Na página 718, no final da defesa do advogado de Mítia Karamázov, aparece até um trecho enorme de um capítulo anterior. Isso sem contar as discrepâncias incômodas entre as duas traduções: numa, os fatos ocorreram há “treze anos”; noutra, há “trinta”!!!???

Mesmo com todos esses percalços, a releitura de Os Irmãos Karamázov reiterou o óbvio: é o maior romance do século XIX, junto com Guerra e Paz. Se Crime e Castigo era o Hamlet do grande autor russo, a história dos Karamázov, com seu conflito de gerações, é o seu Rei Lear;  por ter um grupo de personagens como protagonistas (embora o narrador insista no fato de que Aliócha é o herói da narrativa, por ser o elemento “positivo” da trama, aquele que aprende com os erros alheios e os próprios), e por se passar numa cidadezinha provinciana, longe da esfera de Petersburgo—a qual domina boa parte da obra dostoiévskiana, o livro se aproxima mais de outro Dostoiévski supremo, Os Demônios; além disso, ambos têm um narrador ambíguo e discutível —em termos literários, com relação à construção do ponto-de-vista narrativo—, que se apresenta como alguém da cidade, um cronista, que meramente acompanhou os fatos, mas que possui o poder da onisciência divina: sabe até o que os outros pensam e sentem.

Na cidadezinha de Skotoprigonievski, Fiódor Karamázov vê, de repente, todos os filhos à sua volta, embora nunca tenha ligado para nenhum deles, após a morte das duas esposas: Mítia, com o qual disputa os favores de Gruchenka (e, por essa razão, é ameaçado de morte pelo filho diversas vezes, principalmente quando ele sabe que o pai fica esperando por elas todas as noites), Ivan e Aliócha.

O que define os Karamázov (e Aliócha se salva por causa do exemplo do “stáretz” Zózima, homem santo cuja vida ocupa um dos inúmeros desvios narrativos do romance) é a voracidade, a avidez sem limites, que faz com que eles toquem os limites da condição humana e sintam que só podem se redimir pelo sofrimento (é o que diz Mítia, ao ser preso: “Quero sofrer e redimir-me pelo sofrimento”).

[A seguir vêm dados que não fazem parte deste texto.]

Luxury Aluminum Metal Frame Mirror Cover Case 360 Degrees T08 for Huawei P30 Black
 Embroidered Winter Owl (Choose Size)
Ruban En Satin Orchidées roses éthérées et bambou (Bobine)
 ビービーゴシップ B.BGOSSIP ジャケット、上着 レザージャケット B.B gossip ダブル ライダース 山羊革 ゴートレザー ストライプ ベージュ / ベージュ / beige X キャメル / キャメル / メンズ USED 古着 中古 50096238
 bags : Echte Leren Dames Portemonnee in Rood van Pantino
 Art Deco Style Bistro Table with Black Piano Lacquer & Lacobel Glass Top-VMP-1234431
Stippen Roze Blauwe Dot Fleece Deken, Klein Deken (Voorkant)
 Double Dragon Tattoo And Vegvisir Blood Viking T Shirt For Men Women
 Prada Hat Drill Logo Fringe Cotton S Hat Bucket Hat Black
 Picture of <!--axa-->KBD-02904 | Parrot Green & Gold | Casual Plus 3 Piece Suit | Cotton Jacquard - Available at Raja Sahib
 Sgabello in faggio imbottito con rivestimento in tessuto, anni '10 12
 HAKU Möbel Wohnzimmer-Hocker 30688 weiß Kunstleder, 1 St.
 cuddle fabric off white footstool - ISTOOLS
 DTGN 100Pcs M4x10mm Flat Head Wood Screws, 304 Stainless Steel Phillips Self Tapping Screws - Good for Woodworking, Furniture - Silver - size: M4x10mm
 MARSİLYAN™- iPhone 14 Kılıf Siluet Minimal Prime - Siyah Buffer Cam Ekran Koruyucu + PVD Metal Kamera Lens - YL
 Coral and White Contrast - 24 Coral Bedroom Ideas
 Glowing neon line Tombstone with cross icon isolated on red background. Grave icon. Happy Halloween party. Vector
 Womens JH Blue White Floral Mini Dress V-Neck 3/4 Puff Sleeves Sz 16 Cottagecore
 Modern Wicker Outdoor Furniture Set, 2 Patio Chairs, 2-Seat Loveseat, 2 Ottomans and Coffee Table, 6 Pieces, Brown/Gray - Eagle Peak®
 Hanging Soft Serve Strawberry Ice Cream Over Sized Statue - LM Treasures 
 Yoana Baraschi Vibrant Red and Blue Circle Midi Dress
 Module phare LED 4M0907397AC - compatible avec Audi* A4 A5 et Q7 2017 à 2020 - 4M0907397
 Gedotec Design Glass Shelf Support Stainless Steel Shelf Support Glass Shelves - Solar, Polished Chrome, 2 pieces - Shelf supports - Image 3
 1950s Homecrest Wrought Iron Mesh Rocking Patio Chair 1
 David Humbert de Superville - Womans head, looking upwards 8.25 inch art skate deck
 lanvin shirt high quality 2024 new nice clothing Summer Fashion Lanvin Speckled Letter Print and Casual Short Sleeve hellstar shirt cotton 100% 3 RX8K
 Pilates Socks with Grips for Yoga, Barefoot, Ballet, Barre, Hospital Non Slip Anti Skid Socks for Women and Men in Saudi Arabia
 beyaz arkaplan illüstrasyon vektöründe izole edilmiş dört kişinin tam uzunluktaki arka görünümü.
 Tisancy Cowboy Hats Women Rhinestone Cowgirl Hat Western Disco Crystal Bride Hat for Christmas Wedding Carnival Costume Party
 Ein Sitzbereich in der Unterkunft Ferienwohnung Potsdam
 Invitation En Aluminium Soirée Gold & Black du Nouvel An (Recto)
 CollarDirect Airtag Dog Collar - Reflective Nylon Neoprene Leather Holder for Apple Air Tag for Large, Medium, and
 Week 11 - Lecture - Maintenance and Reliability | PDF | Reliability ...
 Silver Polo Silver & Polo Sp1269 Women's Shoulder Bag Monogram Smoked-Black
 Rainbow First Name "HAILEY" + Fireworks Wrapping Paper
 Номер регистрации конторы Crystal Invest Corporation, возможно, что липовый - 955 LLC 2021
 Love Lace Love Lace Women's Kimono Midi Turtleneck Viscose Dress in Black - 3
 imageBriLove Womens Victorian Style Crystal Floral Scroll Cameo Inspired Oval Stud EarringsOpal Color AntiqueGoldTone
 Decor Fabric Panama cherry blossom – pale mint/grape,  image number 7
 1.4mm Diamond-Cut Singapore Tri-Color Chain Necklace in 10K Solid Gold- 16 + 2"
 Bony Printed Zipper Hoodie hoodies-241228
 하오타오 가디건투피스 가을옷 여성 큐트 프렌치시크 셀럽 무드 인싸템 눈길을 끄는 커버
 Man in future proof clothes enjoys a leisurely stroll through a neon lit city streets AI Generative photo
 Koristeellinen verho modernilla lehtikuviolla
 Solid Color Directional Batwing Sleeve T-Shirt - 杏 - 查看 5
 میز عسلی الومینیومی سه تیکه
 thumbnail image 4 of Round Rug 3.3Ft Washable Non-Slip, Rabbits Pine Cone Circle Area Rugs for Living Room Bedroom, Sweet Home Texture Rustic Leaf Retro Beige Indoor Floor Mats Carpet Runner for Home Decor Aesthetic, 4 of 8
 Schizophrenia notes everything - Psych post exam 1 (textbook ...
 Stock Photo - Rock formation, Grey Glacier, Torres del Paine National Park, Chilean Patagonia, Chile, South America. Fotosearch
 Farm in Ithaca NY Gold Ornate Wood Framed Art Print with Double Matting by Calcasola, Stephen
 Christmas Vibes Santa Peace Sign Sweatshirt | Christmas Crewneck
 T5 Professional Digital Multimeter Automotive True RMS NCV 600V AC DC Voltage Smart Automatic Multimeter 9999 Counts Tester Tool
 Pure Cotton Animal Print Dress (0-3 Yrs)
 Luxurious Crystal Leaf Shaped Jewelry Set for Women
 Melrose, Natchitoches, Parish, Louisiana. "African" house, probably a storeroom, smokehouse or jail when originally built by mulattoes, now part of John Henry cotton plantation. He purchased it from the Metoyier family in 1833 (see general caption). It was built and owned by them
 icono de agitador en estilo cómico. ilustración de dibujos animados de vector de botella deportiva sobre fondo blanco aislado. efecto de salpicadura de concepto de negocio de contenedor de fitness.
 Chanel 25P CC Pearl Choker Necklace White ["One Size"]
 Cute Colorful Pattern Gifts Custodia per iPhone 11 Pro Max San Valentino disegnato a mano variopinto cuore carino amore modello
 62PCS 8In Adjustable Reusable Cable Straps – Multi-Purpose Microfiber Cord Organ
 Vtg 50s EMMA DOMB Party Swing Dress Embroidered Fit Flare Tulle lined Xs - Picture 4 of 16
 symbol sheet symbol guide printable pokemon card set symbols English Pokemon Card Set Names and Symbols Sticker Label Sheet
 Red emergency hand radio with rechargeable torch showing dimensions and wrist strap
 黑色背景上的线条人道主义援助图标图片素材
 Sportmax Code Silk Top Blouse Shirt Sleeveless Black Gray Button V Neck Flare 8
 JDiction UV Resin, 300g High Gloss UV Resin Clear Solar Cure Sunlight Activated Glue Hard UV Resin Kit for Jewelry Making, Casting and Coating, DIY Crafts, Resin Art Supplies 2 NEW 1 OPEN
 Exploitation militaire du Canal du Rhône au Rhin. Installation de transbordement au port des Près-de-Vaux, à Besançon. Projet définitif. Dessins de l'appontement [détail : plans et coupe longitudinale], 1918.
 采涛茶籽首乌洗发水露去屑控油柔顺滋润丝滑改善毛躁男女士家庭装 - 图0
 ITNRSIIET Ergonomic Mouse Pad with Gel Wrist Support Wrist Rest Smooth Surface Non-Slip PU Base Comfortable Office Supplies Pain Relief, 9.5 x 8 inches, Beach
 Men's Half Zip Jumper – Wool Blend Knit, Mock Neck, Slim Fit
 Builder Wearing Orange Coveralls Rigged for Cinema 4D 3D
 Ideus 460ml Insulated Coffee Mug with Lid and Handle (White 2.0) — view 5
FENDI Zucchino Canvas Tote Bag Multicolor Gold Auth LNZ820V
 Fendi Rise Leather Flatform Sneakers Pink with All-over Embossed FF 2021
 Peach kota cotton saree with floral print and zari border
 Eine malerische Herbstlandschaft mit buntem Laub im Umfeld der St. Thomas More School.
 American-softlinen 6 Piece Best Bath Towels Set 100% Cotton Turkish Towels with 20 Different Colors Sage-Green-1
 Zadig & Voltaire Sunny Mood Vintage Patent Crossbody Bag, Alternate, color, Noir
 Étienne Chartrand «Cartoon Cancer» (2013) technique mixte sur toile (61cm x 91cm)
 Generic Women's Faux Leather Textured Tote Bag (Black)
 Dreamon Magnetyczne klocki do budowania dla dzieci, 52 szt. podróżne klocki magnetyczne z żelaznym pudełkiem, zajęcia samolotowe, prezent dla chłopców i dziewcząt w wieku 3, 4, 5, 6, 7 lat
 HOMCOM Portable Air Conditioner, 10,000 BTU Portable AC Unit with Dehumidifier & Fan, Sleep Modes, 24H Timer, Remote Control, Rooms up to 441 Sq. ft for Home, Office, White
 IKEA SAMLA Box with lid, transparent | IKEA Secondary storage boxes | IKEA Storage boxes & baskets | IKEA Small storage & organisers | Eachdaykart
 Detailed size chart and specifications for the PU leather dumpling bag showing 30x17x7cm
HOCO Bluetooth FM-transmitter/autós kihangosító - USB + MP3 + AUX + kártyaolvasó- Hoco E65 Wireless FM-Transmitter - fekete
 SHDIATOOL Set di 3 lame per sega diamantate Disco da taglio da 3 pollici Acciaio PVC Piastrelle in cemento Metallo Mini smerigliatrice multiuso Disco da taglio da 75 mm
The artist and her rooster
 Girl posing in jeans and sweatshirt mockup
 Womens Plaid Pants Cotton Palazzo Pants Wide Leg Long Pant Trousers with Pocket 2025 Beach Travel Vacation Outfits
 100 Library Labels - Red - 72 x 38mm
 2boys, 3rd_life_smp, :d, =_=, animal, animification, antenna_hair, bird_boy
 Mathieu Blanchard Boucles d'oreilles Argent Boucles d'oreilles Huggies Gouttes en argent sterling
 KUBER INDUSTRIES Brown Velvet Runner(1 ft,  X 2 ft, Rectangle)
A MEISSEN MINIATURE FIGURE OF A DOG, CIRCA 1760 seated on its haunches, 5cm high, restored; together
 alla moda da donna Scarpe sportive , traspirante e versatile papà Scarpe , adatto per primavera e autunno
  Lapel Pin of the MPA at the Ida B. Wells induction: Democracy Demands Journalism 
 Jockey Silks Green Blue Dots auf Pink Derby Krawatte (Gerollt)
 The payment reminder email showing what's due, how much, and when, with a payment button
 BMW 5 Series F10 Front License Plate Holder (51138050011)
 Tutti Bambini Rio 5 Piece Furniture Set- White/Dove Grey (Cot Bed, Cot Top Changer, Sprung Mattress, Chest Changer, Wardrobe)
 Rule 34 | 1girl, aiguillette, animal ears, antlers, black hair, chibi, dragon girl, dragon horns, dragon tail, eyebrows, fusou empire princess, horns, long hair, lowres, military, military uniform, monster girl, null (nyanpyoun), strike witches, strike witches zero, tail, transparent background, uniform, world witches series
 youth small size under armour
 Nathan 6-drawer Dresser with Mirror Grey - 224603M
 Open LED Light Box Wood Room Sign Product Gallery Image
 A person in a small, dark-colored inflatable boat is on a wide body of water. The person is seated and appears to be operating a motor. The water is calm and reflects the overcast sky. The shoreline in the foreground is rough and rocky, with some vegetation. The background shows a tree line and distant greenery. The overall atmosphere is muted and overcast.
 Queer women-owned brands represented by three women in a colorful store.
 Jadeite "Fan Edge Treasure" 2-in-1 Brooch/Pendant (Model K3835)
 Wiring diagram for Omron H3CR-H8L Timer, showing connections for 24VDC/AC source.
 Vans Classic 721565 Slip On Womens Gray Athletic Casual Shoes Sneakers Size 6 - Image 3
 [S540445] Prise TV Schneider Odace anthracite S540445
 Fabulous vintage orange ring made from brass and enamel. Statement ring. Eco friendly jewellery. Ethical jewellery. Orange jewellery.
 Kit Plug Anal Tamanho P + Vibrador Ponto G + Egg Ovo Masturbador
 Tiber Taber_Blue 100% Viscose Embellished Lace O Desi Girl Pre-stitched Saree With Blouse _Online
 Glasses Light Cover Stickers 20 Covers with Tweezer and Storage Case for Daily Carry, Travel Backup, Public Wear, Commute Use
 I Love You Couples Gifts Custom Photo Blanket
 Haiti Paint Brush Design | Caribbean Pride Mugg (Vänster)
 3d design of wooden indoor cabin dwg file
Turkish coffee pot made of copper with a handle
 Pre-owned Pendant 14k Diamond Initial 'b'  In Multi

Ivan é como Raskólnikov (de Crime e Castigo): desenraizado, dominado por teorias racionalistas e niilistas, cujo sofrimento é estéril (porém comovente, leia-se o capítulo “A Revolta”), ao contrário do de Aliócha, o qual consegue se ligar ao povo e ser amado por ele (isso fica claro num capítulo suprimido na edição da Ediouro, mas que está na da José Olympio: o julgamento de Aliócha por executar a fuga de Mítia e sua absolvição aclamada pela audiência lotada).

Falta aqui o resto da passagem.